You are given a binary tree in which each node contains an integer value (which might be positive or negative). Design an algorithm to count the number of paths that sum to a given value. The path does not need to start or end at the root or a leaf, but it must go downwards (traveling only from parent nodes to child nodes).
Example:
Given the following tree and sum = 22,
5
/ \
4 8
/ / \
11 13 4
/ \ / \
7 2 5 1
Output:
3
Explanation: Paths that have sum 22 are: [5,4,11,2], [5,8,4,5], [4,11,7]
Note:
node number <= 10000
Solutions
Solution 1: Hash Table + Prefix Sum + Recursion
We can use the idea of prefix sum to recursively traverse the binary tree, and use a hash table \(cnt\) to count the occurrence of each prefix sum on the path from the root node to the current node.

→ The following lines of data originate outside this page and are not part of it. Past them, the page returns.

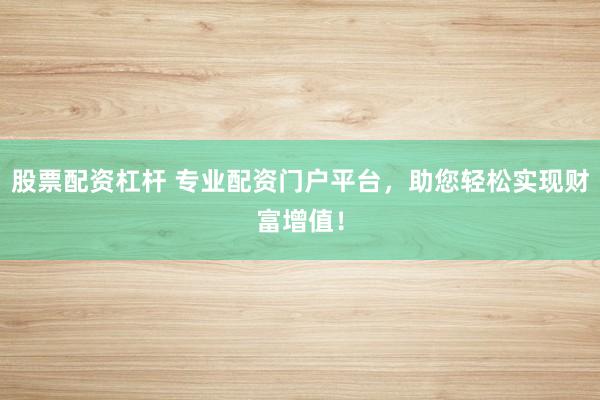 股票配资杠杆 专业配资门户平台，助您轻松实现财富增值！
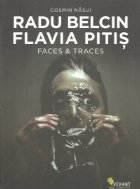 Radu Belcin. Flavia Pitis - Faces and Traces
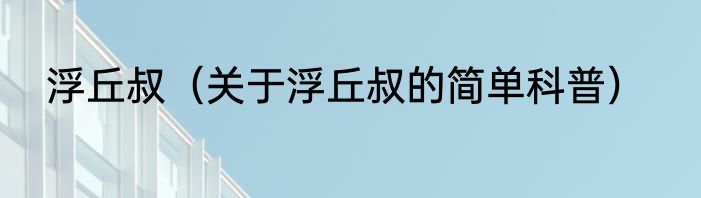 浮丘叔（关于浮丘叔的简单科普）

We design a recursive function \(dfs(node, s)\), where the current node being traversed is \(node\), and the prefix sum on the path from the root node to the current node is \(s\). The return value of the function is the number of paths with the path sum equal to \(sum\) and the path ends at the \(node\) node or its subtree nodes. Therefore, the answer is \(dfs(root, 0)\).
The recursive process of the function \(dfs(node, s)\) is as follows:
If the current node \(node\) is null, return \(0\).
Calculate the prefix sum \(s\) on the path from the root node to the current node.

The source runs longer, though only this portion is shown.